Oct 7, 2013: The About page promised a story of magic, cliche, and adventure, but so far I’ve only found two of the three. Undestined may be full of magic and adventure, but anytime it edges near a cliche it subverts, deconstructs, or reconstructs it, creating a new and interesting take on fantasy fiction. The story follows Silay, a girl who, in a world where everyone seems to have a predestined fate, has no destiny at all. While the writing is somewhat sparse, it also makes for quick and easy reading, and a story that rapidly engages the reader.

Heavy readers of fantasy will chuckle at the metafictional references sprinkled throughout; from the chapter notes and the story itself, it is clear that the author is very familiar with the heroic monomyth and the more common fantasy tropes. While many parts of Undestined could be seen as a stab at the fantasy genre itself (people with heroic destinies are quite blatantly called Heroes, for instance), other parts are played straight.

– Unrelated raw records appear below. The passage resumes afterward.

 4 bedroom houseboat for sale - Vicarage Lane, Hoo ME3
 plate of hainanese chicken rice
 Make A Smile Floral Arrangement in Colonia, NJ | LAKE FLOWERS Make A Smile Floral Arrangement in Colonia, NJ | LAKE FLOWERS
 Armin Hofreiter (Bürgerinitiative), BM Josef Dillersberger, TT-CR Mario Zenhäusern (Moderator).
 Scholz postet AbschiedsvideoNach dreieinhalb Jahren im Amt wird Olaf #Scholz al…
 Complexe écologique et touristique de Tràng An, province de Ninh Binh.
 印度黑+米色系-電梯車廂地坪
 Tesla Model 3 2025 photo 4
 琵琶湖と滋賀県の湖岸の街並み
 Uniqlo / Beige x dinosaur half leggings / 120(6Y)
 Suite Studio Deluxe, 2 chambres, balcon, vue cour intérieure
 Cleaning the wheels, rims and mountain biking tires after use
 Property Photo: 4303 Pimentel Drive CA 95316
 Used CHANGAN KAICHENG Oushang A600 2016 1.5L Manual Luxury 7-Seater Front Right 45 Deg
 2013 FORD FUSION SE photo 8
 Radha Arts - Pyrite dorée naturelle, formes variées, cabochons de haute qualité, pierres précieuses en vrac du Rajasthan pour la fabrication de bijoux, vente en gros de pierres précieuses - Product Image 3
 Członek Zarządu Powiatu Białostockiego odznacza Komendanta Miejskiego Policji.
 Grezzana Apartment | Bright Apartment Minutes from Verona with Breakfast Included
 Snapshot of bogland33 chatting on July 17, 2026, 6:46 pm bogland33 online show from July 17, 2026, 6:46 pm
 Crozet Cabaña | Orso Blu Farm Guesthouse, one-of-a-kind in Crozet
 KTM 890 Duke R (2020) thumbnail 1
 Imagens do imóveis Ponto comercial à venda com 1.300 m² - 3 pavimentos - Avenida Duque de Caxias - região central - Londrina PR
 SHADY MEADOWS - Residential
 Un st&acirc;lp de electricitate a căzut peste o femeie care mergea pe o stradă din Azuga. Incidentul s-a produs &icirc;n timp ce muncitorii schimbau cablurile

It’s not your typical magical adventure but neither is it a gritty subversion; it falls somewhere in the middle, a reconstruction of high fantasy.

The style of the prose lends itself to the story: it is sparse and unadorned (sometimes, a little too much so- the chapters tend towards the short side and have difficulty developing atmosphere and imagery, although Undestined has improved at that as it has progressed). The cast is well within reasonable size, and while fantasy worlds like these can very quickly become embroiled in their own settings, the author does a fine job of keeping the prose clear and concise. Realism is apparent in the writing; blisters and arduous walks are brought to the fore where in more conventional pieces they would be ignored. The downsides of this style are that, at times, the characters and settings feel undeveloped. The author provides character profiles and setting descriptions around the site, but I feel there are more elegant ways of conveying these things than a dossier.

A quick note: while, from the archives, the update schedule seems a little inconsistent, it does seem that currently the author is trying to improve her pace and keep updates regular.

Undestined is not without faults- the pacing is off at times and there are just enough typos to be noticeable- but it is interesting and addictive at the same time and I am eager to read more. People who’re looking for new takes on fantasy will enjoy this, and even those looking for a more straightforward read will appreciate it. I’ll admit it is skewed towards my own personal tastes, but all the same I’d give a general recommendation to anyone looking for an enjoyable light read.